INSTRUCTIONS FOR THE TASK:
Copy out every line of the data that has the word "Multi" somewhere in it.

Records contained in a dataset
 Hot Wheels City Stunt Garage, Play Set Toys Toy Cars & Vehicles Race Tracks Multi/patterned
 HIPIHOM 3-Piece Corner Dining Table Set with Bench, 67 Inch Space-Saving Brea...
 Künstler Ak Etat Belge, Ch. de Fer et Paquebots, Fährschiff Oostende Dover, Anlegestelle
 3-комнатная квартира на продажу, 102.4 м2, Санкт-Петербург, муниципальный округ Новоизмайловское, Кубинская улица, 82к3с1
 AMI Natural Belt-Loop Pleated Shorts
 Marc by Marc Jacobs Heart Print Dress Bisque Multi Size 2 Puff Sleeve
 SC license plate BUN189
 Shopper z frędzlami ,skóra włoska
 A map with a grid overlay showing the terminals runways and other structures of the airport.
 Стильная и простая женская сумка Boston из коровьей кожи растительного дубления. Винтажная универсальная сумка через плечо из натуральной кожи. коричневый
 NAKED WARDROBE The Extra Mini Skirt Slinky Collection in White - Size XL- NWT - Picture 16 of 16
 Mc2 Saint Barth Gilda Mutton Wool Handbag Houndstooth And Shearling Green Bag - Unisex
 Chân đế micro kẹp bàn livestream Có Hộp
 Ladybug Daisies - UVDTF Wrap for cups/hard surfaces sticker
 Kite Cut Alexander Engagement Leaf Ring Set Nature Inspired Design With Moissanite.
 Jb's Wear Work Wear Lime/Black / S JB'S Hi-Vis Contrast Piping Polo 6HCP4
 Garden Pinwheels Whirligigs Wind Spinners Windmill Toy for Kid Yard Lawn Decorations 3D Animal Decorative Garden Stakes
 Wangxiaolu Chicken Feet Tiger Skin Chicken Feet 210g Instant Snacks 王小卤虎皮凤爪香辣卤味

ANSWER FOR THE TASK:
 Hot Wheels City Stunt Garage, Play Set Toys Toy Cars & Vehicles Race Tracks Multi/patterned
 Marc by Marc Jacobs Heart Print Dress Bisque Multi Size 2 Puff Sleeve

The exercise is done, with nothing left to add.